Andrew (Ryan Reynolds) is her assistant. For three beleaguered years, he has been at her beck and call 24/7, from her morning coffee to midnight runs to giving up his grandmother’s 90th birthday party so he can work all weekend. She treats him like something between a prop and a galley slave. In other words, they’re made for each other and we will have the pleasure of seeing them figure that out.

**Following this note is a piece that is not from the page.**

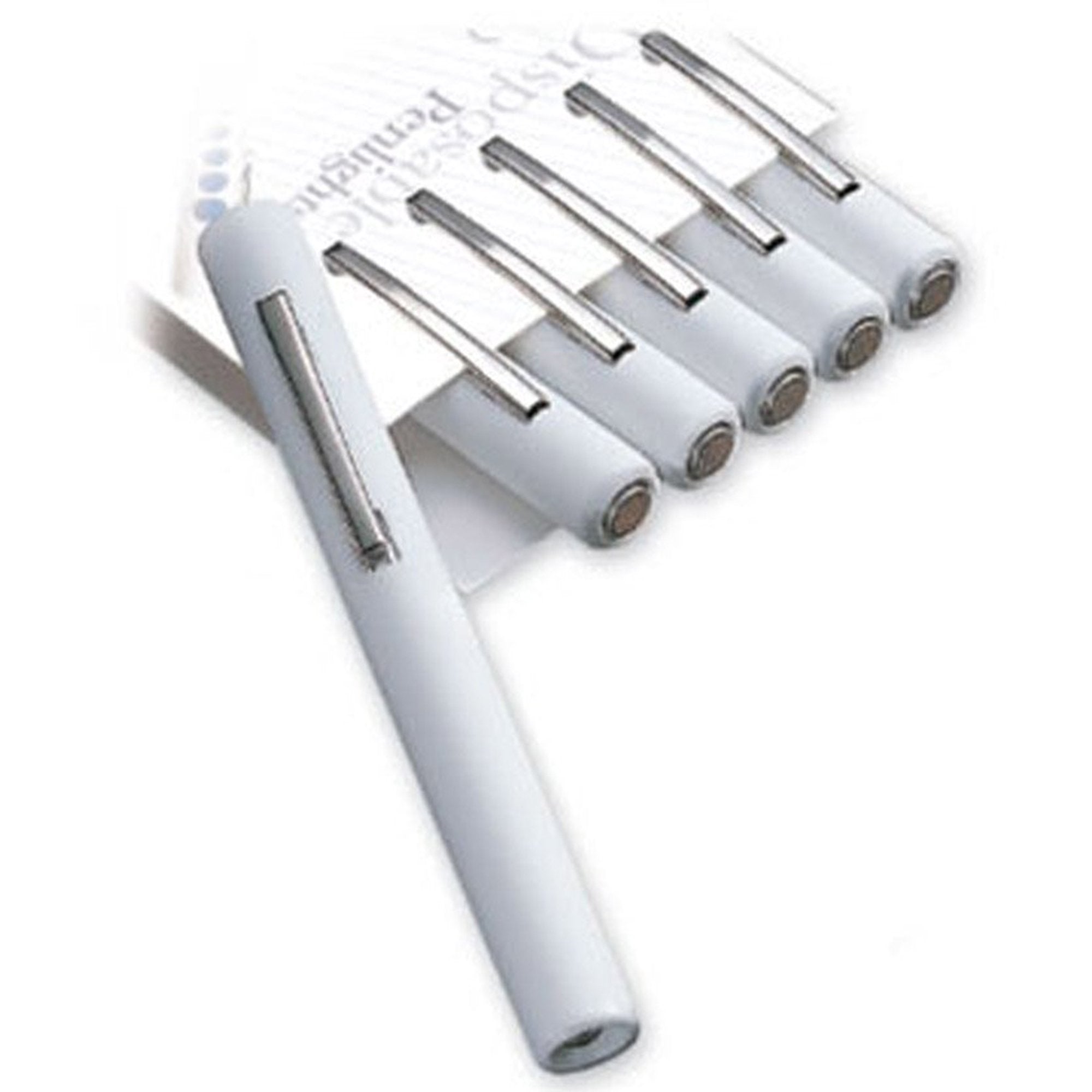 ADC Light Adlite Disposable Penlight with Pupil Gauge -Pack of 6 ADC Light Adlite Disposable Penlight with Pupil Gauge -Pack of 6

The structure is familiar — and overly revealed in the trailer — but the comic timing is impeccable, with Betty White adding sparkle as Andrew’s 90-year-old “Gammy.” Bullock is just the actress to show us the vulnerability that makes Margaret hold on so tightly and Reynolds is strong enough (he was the bad guy in “Wolverine” after all) to keep Andrew from seeming henpecked and deft enough to make us see why he is up to Margaret’s level. The Alaskan scenery is like a commercial for Sarah Palin’s travel bureau and it is spicy without being smarmy, an increasingly rare achievement for date movies these days.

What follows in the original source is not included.